Training alone won’t stop phishing. But training can reduce the success rate and increase the speed of reporting. Here’s what I tell teams:

Check before you click. Hover over links to see where they actually go. Look for slight misspellings in domain names. When in doubt, don’t click - navigate directly to the site instead.

Be suspicious of urgency. Phishers want you to act fast before you think. Any email demanding immediate action (“Your account will be closed in 2 hours”) should trigger suspicion, not panic.

Verify through another channel. If an email asks you to do something sensitive - transfer money, share data, change credentials - verify it through another method. Call the person using a number you already have, not one in the email.

Look at the actual email address. Not the display name, the actual address. And look carefully - [email protected] is not Microsoft.

When in doubt, report it. Make it easy for staff to flag suspicious emails without feeling stupid. The more reports you get, the faster you can respond to campaigns targeting your business.

Technical Defences That Actually Help

Training is important but it’s not enough. You need technical controls too:

Email filtering. Microsoft 365 and Google Workspace have built-in phishing protection. Make sure it’s actually enabled and configured properly. Consider adding additional filtering like Mimecast or Proofpoint for high-risk businesses.

DMARC, DKIM, and SPF. These email authentication protocols make it harder for attackers to spoof your domain. They’re free to implement and should be mandatory for every business.

Link protection. Some email security tools can rewrite links to check them at click time, catching malicious sites that weren’t detected when the email arrived.

Multi-factor authentication. Even if someone’s credentials are phished, MFA stops the attacker from using them. This is your safety net.

Web filtering. Block known malicious sites at the network level. If someone does click a bad link, the connection gets stopped before damage is done.

Running Phishing Simulations

Controversial take: I think phishing simulations are useful, but not for the reasons most people think.

The point isn’t to catch people and punish them. That just creates fear and reduces reporting. The point is to:

  1. Measure your baseline. How many people click? You can’t improve what you don’t measure.
  2. Provide teachable moments. Someone who just clicked a simulated phish is very receptive to training about what they missed.
  3. Test your detection and response. Do people report the simulations? How quickly do you get alerts?

If you run simulations, be ethical about it. Don’t use emotionally manipulative lures (fake layoff notices, fake health scares). Don’t name and shame individuals. Focus on improvement, not punishment.

When Someone Does Click

Despite everything, someone will eventually click. What happens next matters more than the click itself.

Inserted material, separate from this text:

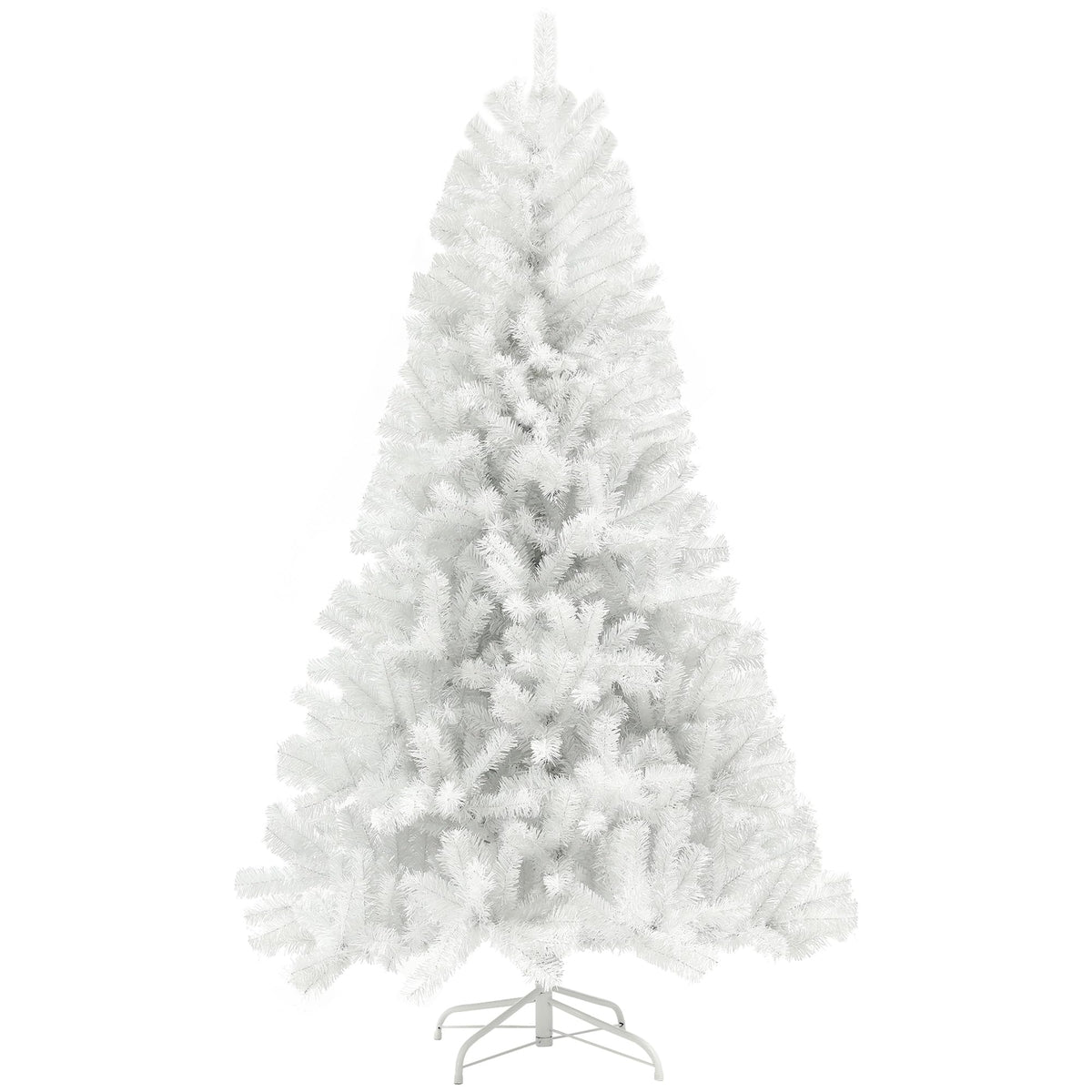 HOMCOM 7ft Snow Flocked Artificial Christmas Tree Hinged Xmas Tree Green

Don’t panic, don’t punish. You want people to report immediately, not hide the incident out of fear.

Assume the worst. Treat any credential submission to a suspicious site as a compromised account. Reset the password immediately and review recent activity.

Check for lateral movement. Did the attacker use the compromised account to send further phishing emails? Did they access shared resources?

Learn from it. What made this particular phish successful? Can you add detection rules for similar attempts?

Phishing isn’t going away. If anything, it’s getting worse as AI makes it easier to generate convincing content at scale. But with the right combination of awareness, training, and technical controls, you can make your business a harder target.

And in security, being a harder target than the business next door is often all it takes.